Social decision-making skills
Are students achieving in this process?
 

CHAPTER 1


Introduction
Firstly it is important to define what is meant by social decision- making before beginning to track its development within the social studies curriculum. This chapter provides an overview showing the context for social decision-making to highlight the historical path of social studies and its development as a core curriculum subject.

It addresses the following aspects:

w Historical Influences
w The New Social Studies Movement
w The Social Decision-Making Process
w The Draft Curriculum
w The 1997 Social Studies Curriculum

Historical Influences
Social Decision making is about students learning to make decisions about issues in society and carry out possible actions that will improve or solve problems. This active participation in society is vastly different from the focus on disciplines involved in History and Geography, from which social studies evolved.

Issues surrounding what is necessary in a social studies curriculum have been widely debated since the 1920s. There have been many recommendations to support teachers’ work up to the present curriculum. The two drafts involved in releasing this final curriculum are indicative of the challenges that social studies has had to confront in order to exist as a core curriculum subject. As with the development of any curriculum, social studies was affected by broad issues concerning society and the changing nature of contributing disciplines in 20th Century thinking. In the 1930s the dominant worldwide theme in educational circles revolved around education for a better society.
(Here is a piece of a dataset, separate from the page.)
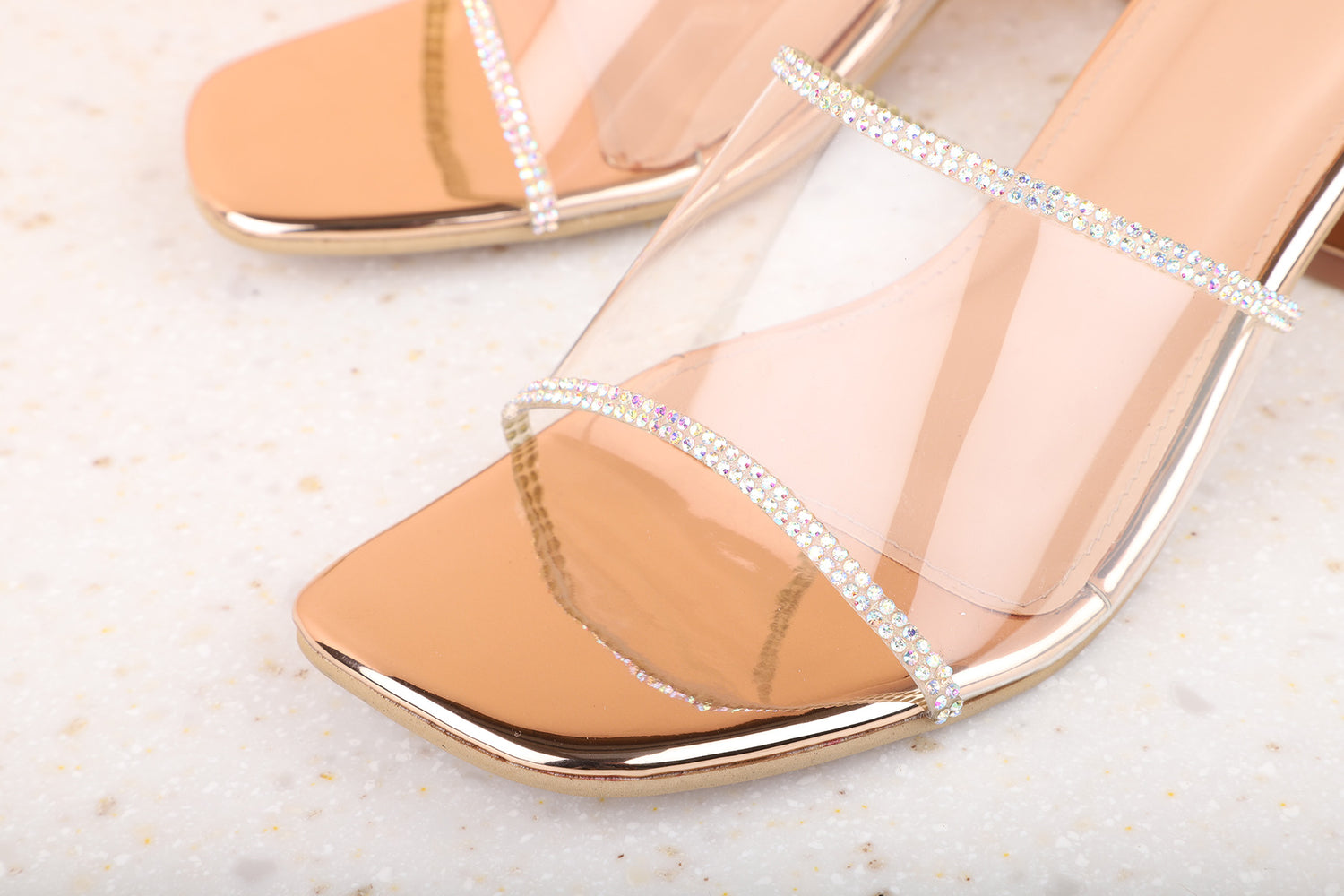 Women Rose Gold Transparent Embellished Block Mules
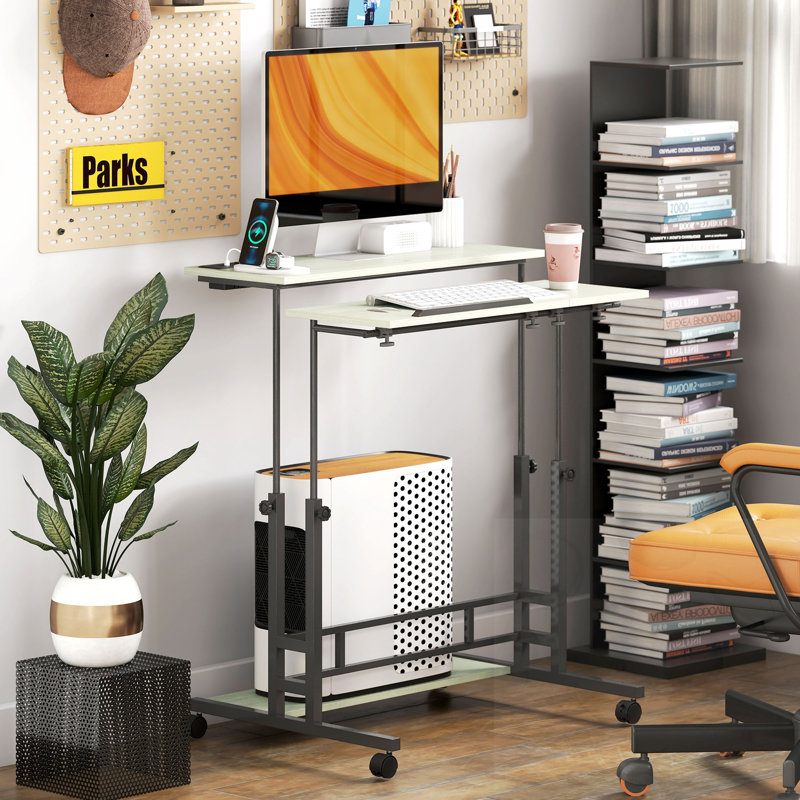 Bureau assis-debout réglable en hauteur avec prises électriques, roulettes et tablette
New Zealander James Strachan, Principal of Rangiora High, travelled to the United States of America to further investigate this focus. His publication, “The School Looks at Life” (1943) was a result of the visits that he made to Teachers Colleges in Lincoln, Illinois and New York City. At the time his ideas were published there was a growing concern in New Zealand that direction for education should change so as to meet the needs of a wide range of pupils, not just the academic elite. Thus, the worth of the individual and community life began to replace the focus on the Monarchy and the rights and duties of the subjects that had developed as part of our colonial past. The emergence and recognition of the need to incorporate concepts and methods from sociology and anthropology meant a move away from the tradition of historical and geographical approaches.

Similarly theThomas Report in 1944 supported this new direction with a recommendation that social studies ought to become a core subject in the curriculum. The creation of social studies as a subject in its own right had relevance in the light of these concerns, but it was strongly debated by those who still perceived it as an amalgamation of history and geography.


The “New Social Studies”

The “New Social Studies” movement emerged in America in the 1960s. Formative work carried out in California in the 1960s resulted in the text; A Teachers Handbook to Elementary Social Studies: An Inductive Approach by Hilda Taba, Mary Durkin, Jack Fraenkel and Tony McNaughton.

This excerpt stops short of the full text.